Well, first of all let’s take a quick look at some the measures people are taking when cutting the cord, and what services they are utilising…

  • HD Antennas: the channels of many Over The Air (OTA) broadcasters such as Fox and NBC aren’t encrypted, so people are using these types of antennas to pick up their favourite shows and sports events for free.
  • PVRs: personal video recorders record and store TV/videoFOOTAGE onto a hard disk in high definition to watch at your leisure. Mostly a PVR incurs a one off payment for the hardware and some services are subject to a small monthly subscription due to the inclusion of an electronic programming guide.
  • Content Services: most cord cutters are turning to a mix of free (Crackle and PBS) and pay (Hulu Plus and Netflix) OTT services to satisfy their viewing needs. The video content is streamed on a viewing device of choice and these kinds of services are very versatile, hence their popularity.
  • Online TV: amongst other things, online television is becoming increasingly popular in the cord cutting world. There is a huge selection of online television channels and again, some are free and some ask for a small subscription fee.

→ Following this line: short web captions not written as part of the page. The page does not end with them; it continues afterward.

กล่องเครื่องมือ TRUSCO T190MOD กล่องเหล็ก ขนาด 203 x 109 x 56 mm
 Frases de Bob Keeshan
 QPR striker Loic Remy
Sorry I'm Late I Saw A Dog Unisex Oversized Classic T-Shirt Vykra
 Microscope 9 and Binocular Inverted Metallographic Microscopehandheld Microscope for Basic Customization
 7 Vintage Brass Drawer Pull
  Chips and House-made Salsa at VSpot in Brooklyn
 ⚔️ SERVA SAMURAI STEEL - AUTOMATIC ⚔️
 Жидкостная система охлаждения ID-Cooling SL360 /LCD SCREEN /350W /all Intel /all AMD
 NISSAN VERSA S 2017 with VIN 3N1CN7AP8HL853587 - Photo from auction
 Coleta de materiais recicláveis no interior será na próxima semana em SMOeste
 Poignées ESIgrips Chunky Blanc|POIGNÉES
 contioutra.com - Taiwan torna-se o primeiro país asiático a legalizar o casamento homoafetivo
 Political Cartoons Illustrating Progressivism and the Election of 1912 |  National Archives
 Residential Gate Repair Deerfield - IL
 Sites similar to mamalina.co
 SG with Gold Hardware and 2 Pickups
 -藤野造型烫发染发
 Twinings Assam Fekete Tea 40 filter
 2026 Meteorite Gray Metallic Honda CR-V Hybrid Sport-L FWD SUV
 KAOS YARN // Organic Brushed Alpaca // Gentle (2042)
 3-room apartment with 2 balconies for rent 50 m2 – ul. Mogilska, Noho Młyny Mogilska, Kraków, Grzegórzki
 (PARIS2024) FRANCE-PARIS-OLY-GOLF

How does paid content fill the void?

There are countless other methods of cord cutting, in fact, if we were to list every single one this article would probably end up being long than a Dan Brown novel. But, the point is, there is so much content out there that it can be hard to know where to start.

Essentially, streaming video content alone won’t fill all the viewing needs of your average cord cutter. To cover the whole spectrum, certain types of content will have to be purchased on a one off basis (e.g. from Apple TV or Amazon Instant Video) and special events will often need be enjoyed by subscribing to exclusive content providers.

Viewers don’t mind paying extra for premium (exclusive) or very specific (niche) content. The top two entertainment categories that top the viewers interest are:
  • Live Sports:
  1. local and niche sports: Boxing, martial arts, horse racing, speedway etc. are sports with highly engaged audience and less mainstream media coverage. Their fans are consuming this video online and for pay-per-view emerged as the preferred model.
  2. major, mainstream sports: The top sports have exposure on all the mainstream TV channels, but alternative, flexible packages on the web still appear attractive to fans. Subscription/pass offerings like the NFL Game Pass, NBA League Pass, and MLB.tv are doing great and growing in popularity.
  • TV shows: Specific shows can still be attractive to some audiences: Apple iTunes (if you own Apple TV) or Amazon Instant Video, M-GO, Vudu, etc.

Nevertheless, cutting the cord has proven to be very efficient – even for the most hard-core video consumers. While many people are hesitant to purchase content when they are already paying for subscription streaming services, when they actually get set up with their new cordless existence, they very quickly realise that even by using a mix of all of the above, they are still paying considerably less than they would if they were still on cable.

How much video is too much? We’d say the simple answer is: the sky’s the limit.